> TASK DESCRIPTION
The expected result is the full set of records, copied precisely, with images dropped.

> MATERIAL FOR THIS EXERCISE
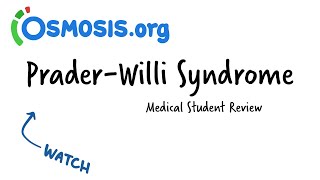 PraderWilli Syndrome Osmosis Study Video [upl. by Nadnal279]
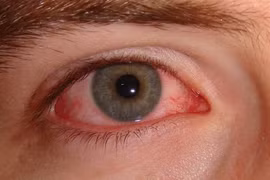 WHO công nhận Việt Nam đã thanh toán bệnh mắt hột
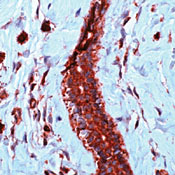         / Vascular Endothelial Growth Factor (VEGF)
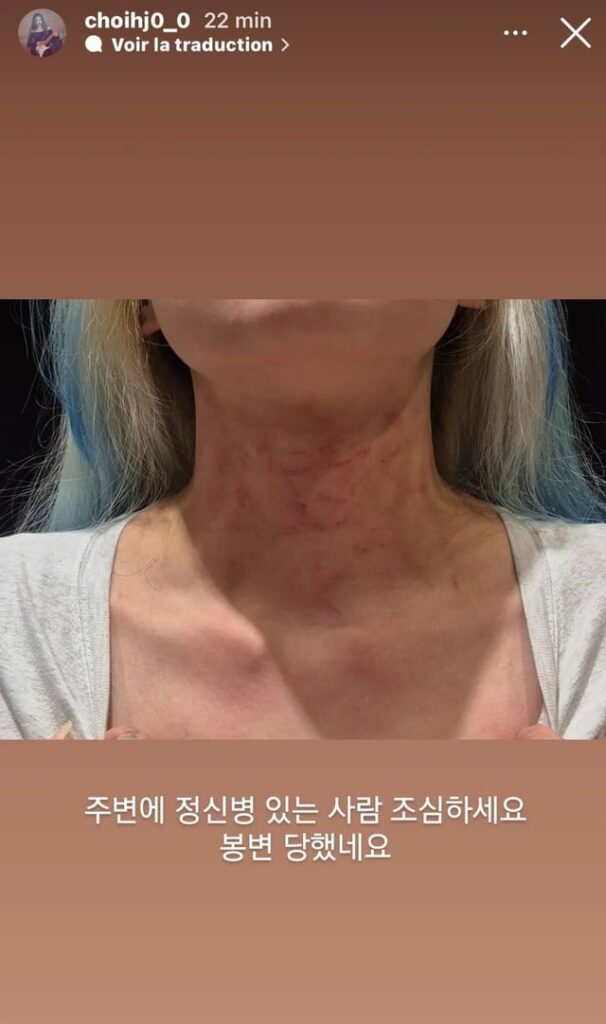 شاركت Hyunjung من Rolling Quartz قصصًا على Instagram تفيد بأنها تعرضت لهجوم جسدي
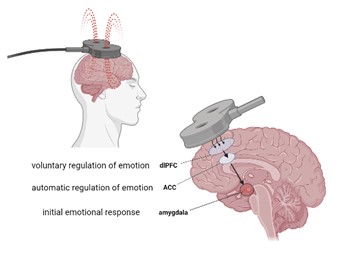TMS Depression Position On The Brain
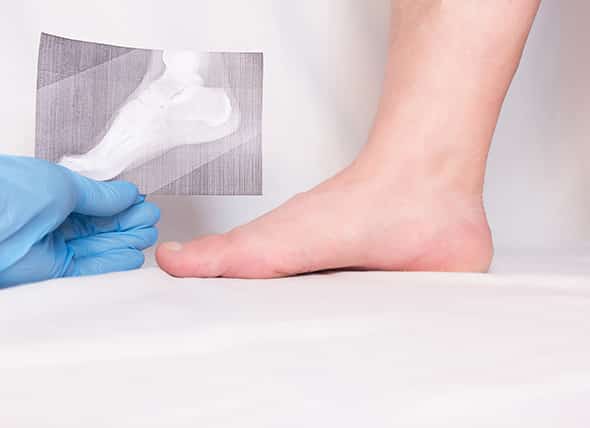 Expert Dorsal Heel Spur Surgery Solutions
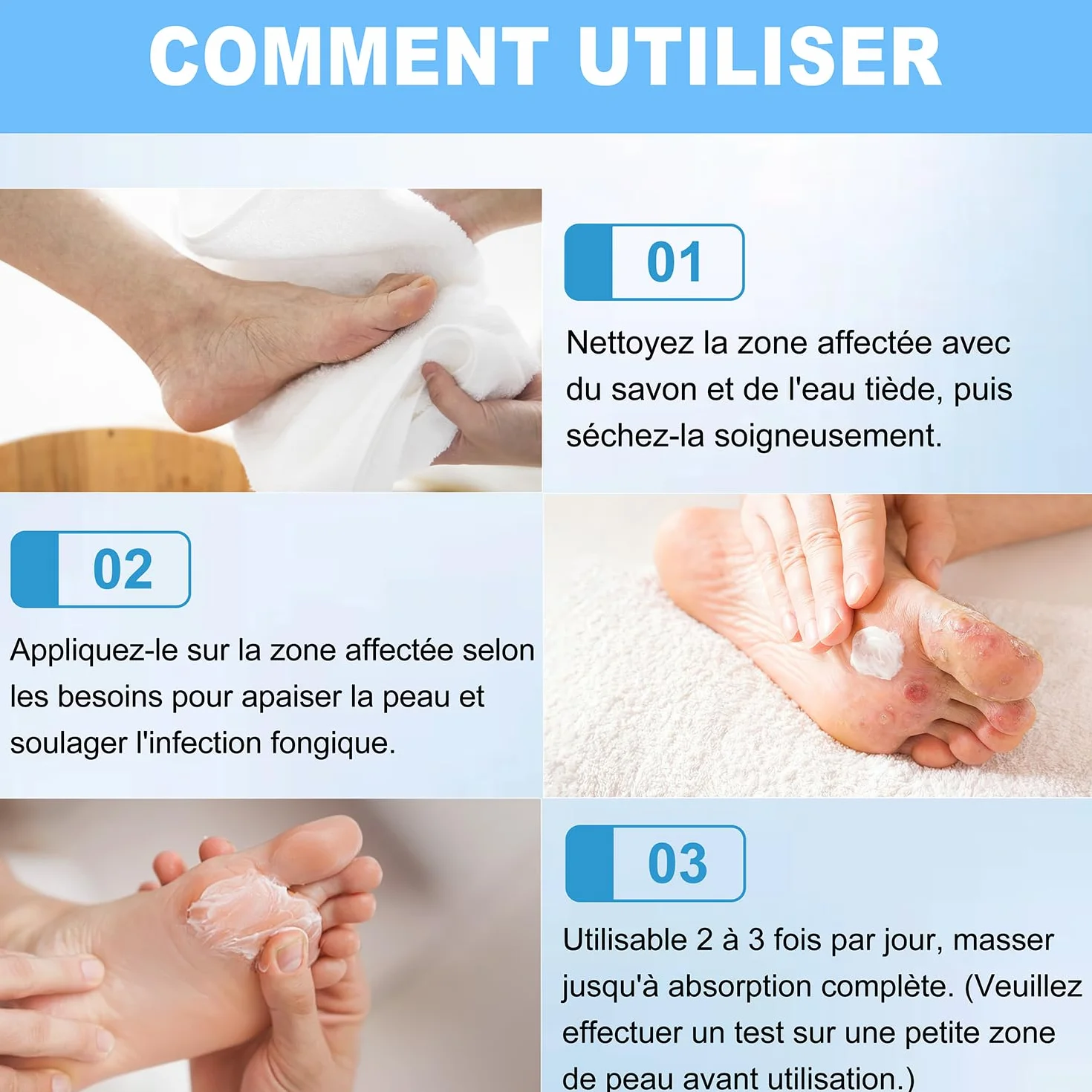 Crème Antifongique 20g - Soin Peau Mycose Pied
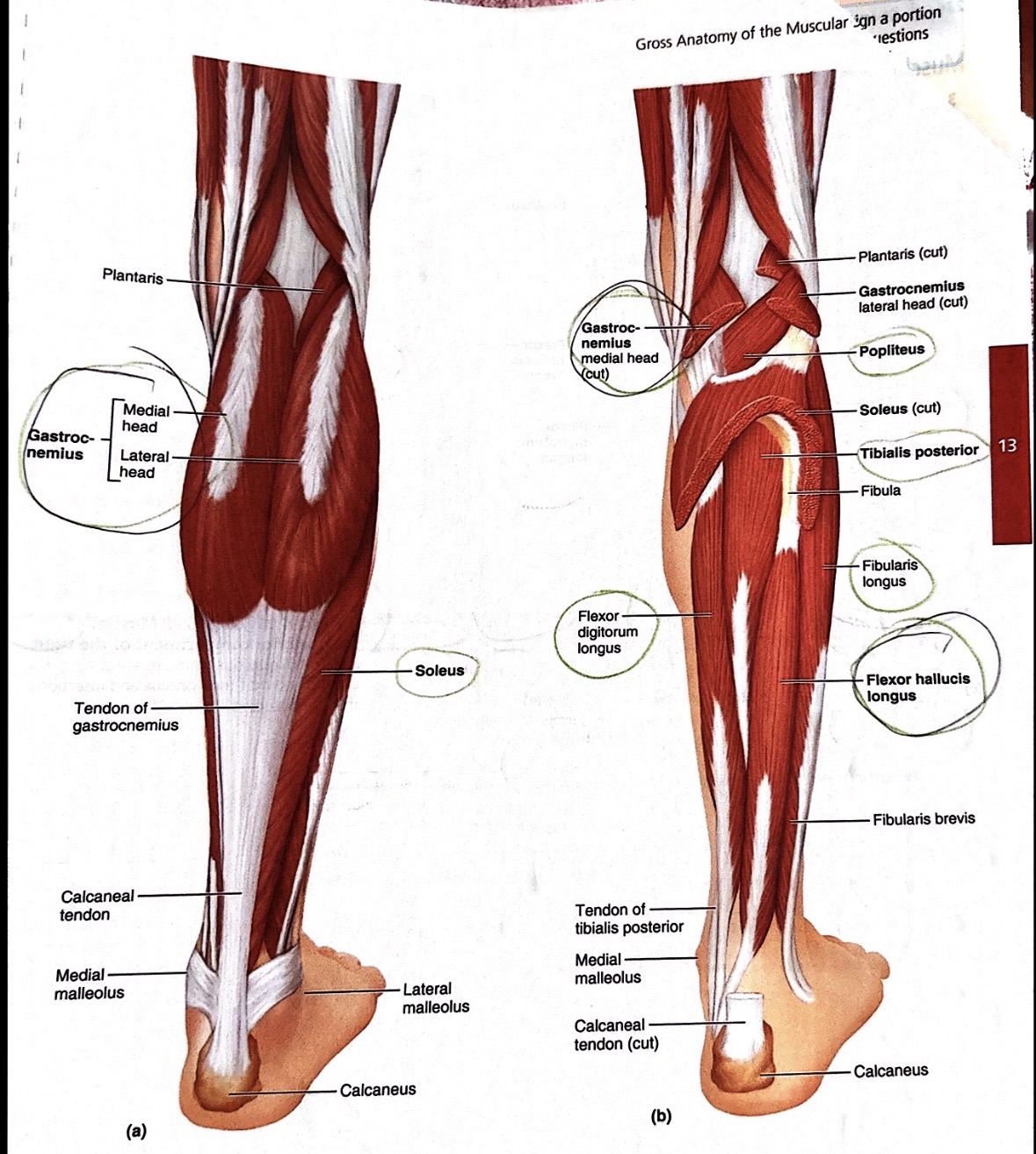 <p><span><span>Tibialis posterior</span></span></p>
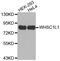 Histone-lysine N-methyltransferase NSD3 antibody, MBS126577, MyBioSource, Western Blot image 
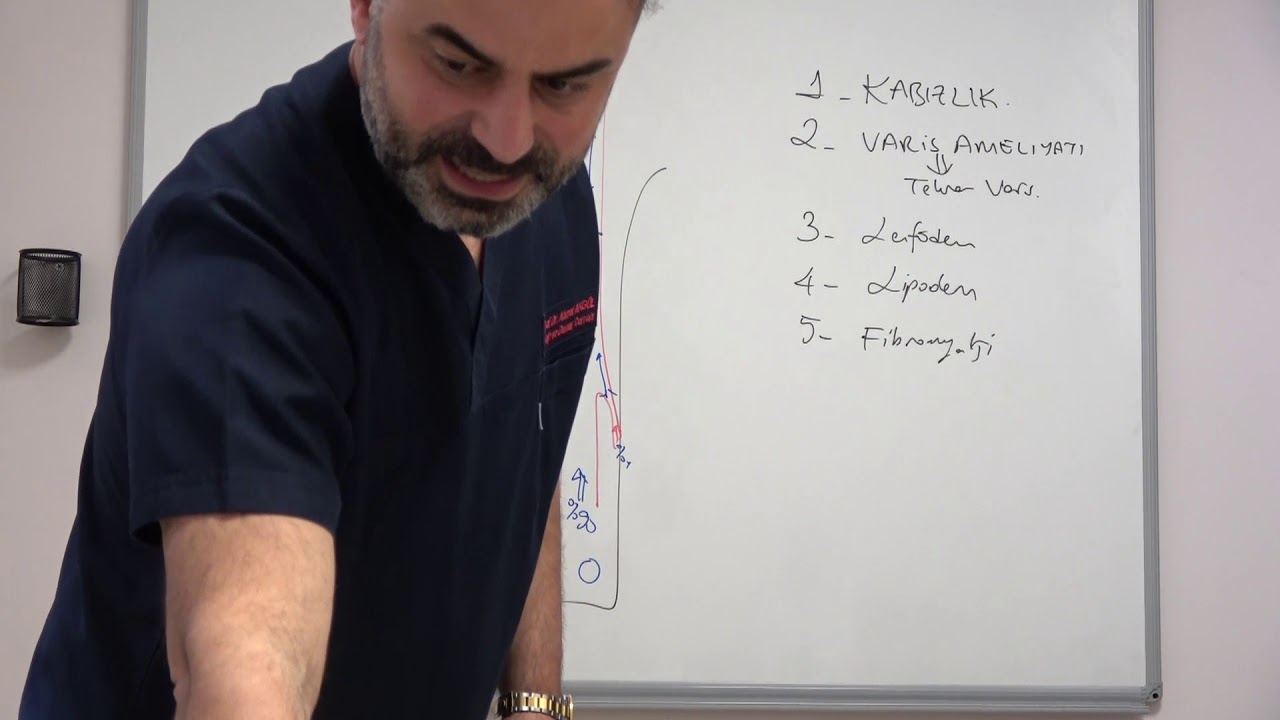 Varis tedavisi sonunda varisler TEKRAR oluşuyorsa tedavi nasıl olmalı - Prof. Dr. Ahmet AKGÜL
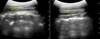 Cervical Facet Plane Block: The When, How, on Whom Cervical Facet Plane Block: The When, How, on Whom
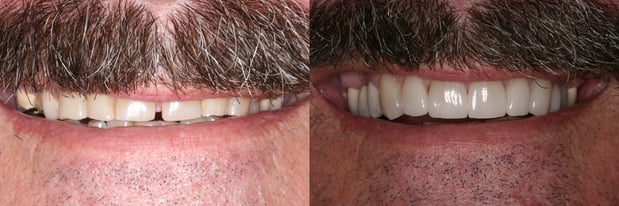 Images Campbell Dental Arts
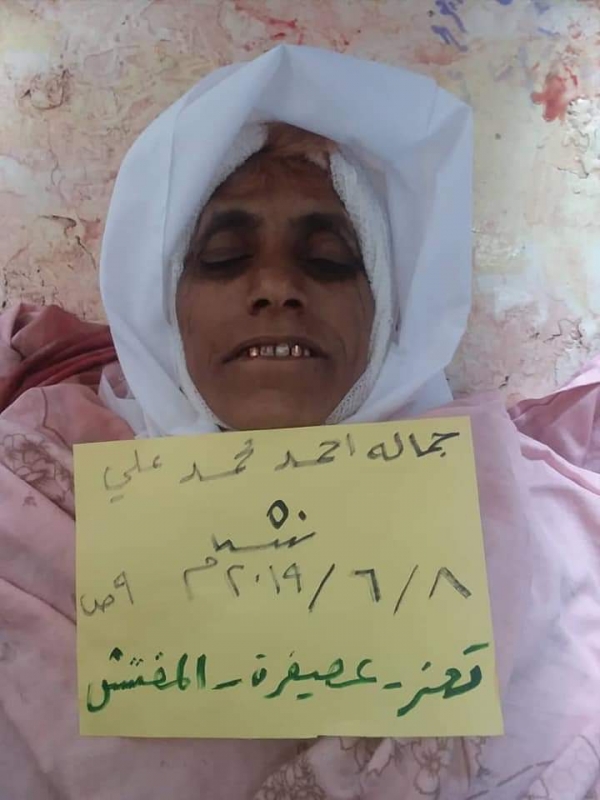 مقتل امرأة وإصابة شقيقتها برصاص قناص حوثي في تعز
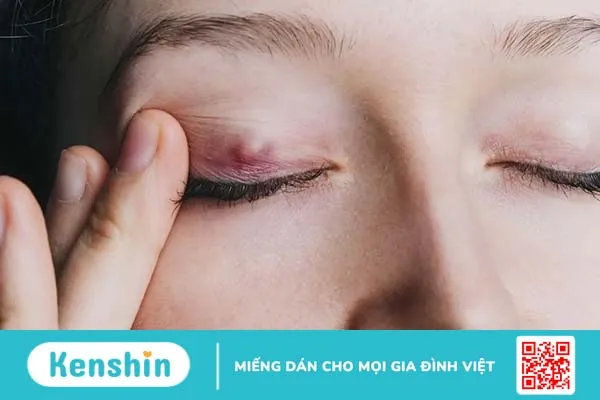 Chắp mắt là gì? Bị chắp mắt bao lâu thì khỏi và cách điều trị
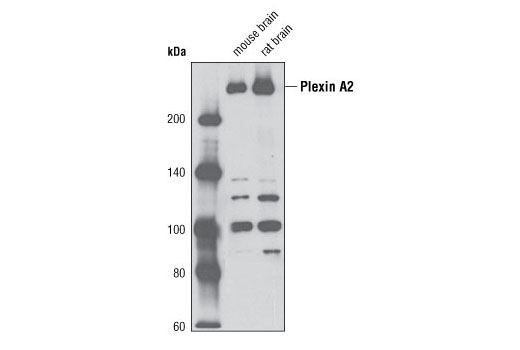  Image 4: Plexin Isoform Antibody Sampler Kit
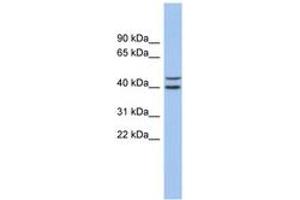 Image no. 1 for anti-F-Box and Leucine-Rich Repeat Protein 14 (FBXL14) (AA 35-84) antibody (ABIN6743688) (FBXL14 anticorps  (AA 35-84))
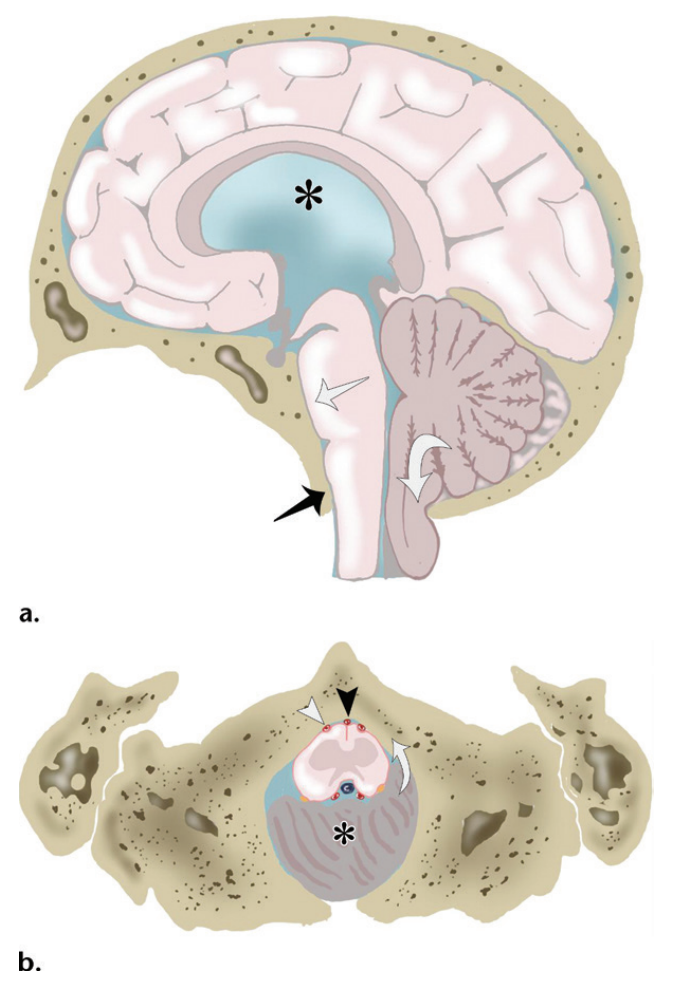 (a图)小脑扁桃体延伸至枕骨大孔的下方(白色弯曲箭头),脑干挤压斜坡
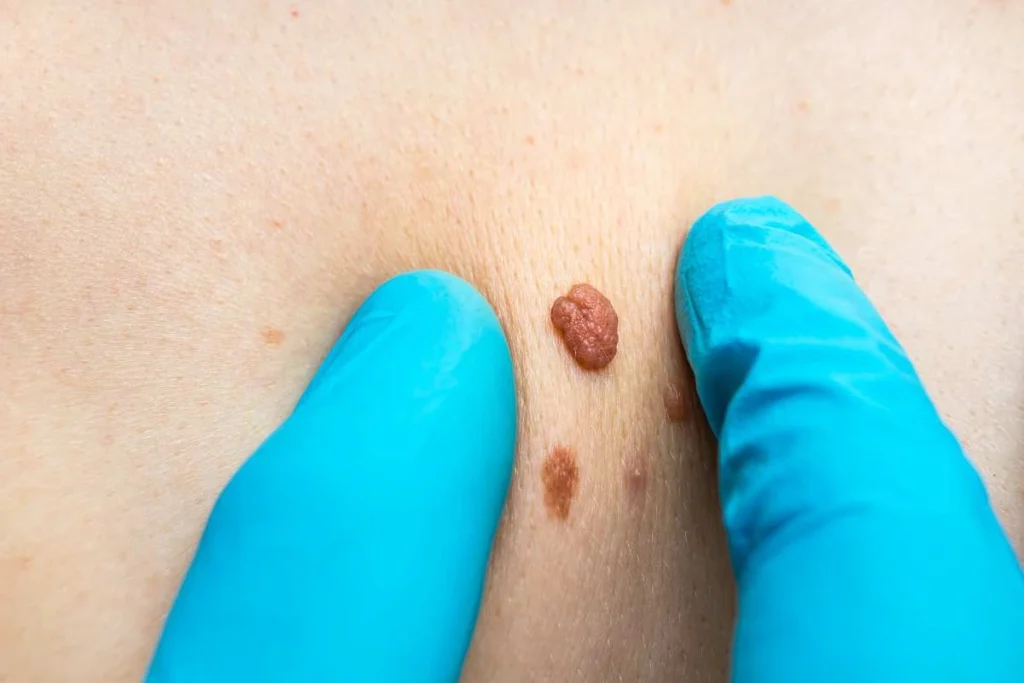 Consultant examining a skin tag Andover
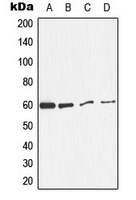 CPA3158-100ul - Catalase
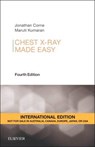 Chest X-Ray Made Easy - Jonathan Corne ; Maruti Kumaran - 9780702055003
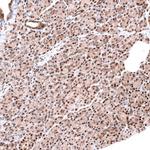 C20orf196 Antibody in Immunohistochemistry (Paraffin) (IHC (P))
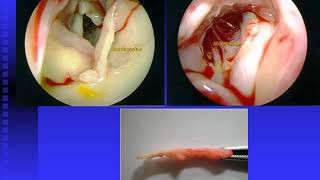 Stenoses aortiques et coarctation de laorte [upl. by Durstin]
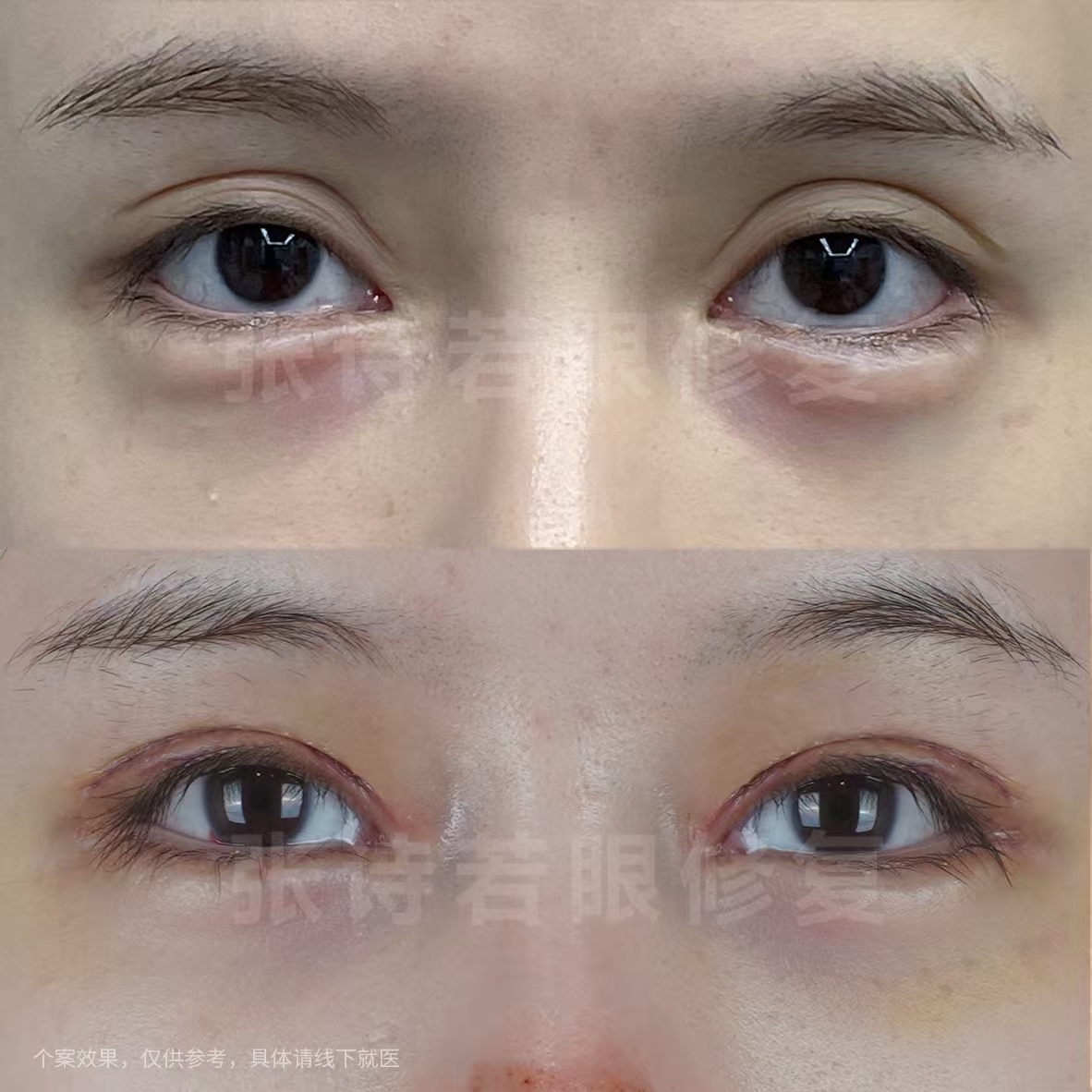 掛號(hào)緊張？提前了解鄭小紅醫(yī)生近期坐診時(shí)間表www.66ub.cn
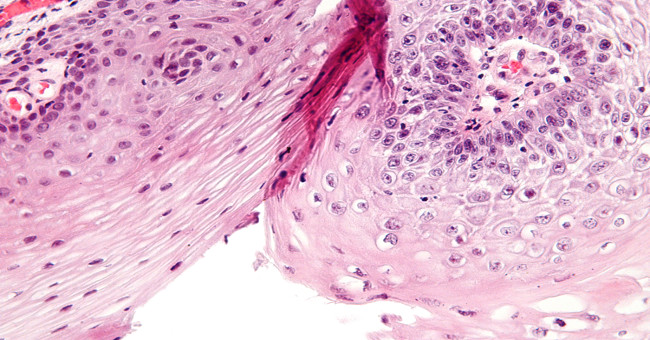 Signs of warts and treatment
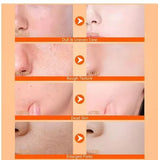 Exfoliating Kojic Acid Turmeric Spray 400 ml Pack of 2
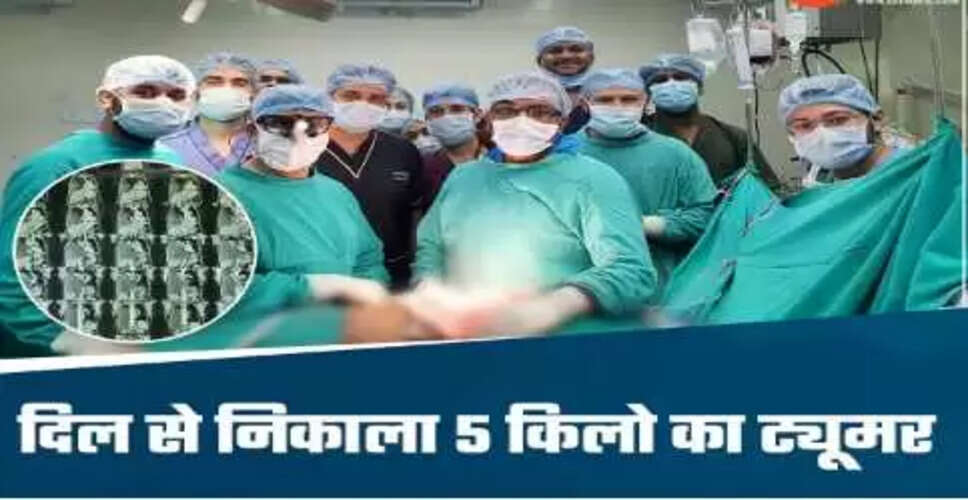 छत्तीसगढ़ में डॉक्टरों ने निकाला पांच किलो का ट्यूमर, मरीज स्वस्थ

> ANSWER SPACE
 PraderWilli Syndrome Osmosis Study Video [upl. by Nadnal279]
 WHO công nhận Việt Nam đã thanh toán bệnh mắt hột
         / Vascular Endothelial Growth Factor (VEGF)
 شاركت Hyunjung من Rolling Quartz قصصًا على Instagram تفيد بأنها تعرضت لهجوم جسدي
TMS Depression Position On The Brain
 Expert Dorsal Heel Spur Surgery Solutions
 Crème Antifongique 20g - Soin Peau Mycose Pied
 <p><span><span>Tibialis posterior</span></span></p>
 Histone-lysine N-methyltransferase NSD3 antibody, MBS126577, MyBioSource, Western Blot image 
 Varis tedavisi sonunda varisler TEKRAR oluşuyorsa tedavi nasıl olmalı - Prof. Dr. Ahmet AKGÜL
 Cervical Facet Plane Block: The When, How, on Whom Cervical Facet Plane Block: The When, How, on Whom
 Images Campbell Dental Arts
 مقتل امرأة وإصابة شقيقتها برصاص قناص حوثي في تعز
 Chắp mắt là gì? Bị chắp mắt bao lâu thì khỏi và cách điều trị
  Image 4: Plexin Isoform Antibody Sampler Kit
 Image no. 1 for anti-F-Box and Leucine-Rich Repeat Protein 14 (FBXL14) (AA 35-84) antibody (ABIN6743688) (FBXL14 anticorps  (AA 35-84))
 (a图)小脑扁桃体延伸至枕骨大孔的下方(白色弯曲箭头),脑干挤压斜坡
 Consultant examining a skin tag Andover
 CPA3158-100ul - Catalase
 Chest X-Ray Made Easy - Jonathan Corne ; Maruti Kumaran - 9780702055003
 C20orf196 Antibody in Immunohistochemistry (Paraffin) (IHC (P))
 Stenoses aortiques et coarctation de laorte [upl. by Durstin]
 掛號(hào)緊張？提前了解鄭小紅醫(yī)生近期坐診時(shí)間表www.66ub.cn
 Signs of warts and treatment
 Exfoliating Kojic Acid Turmeric Spray 400 ml Pack of 2
 छत्तीसगढ़ में डॉक्टरों ने निकाला पांच किलो का ट्यूमर, मरीज स्वस्थ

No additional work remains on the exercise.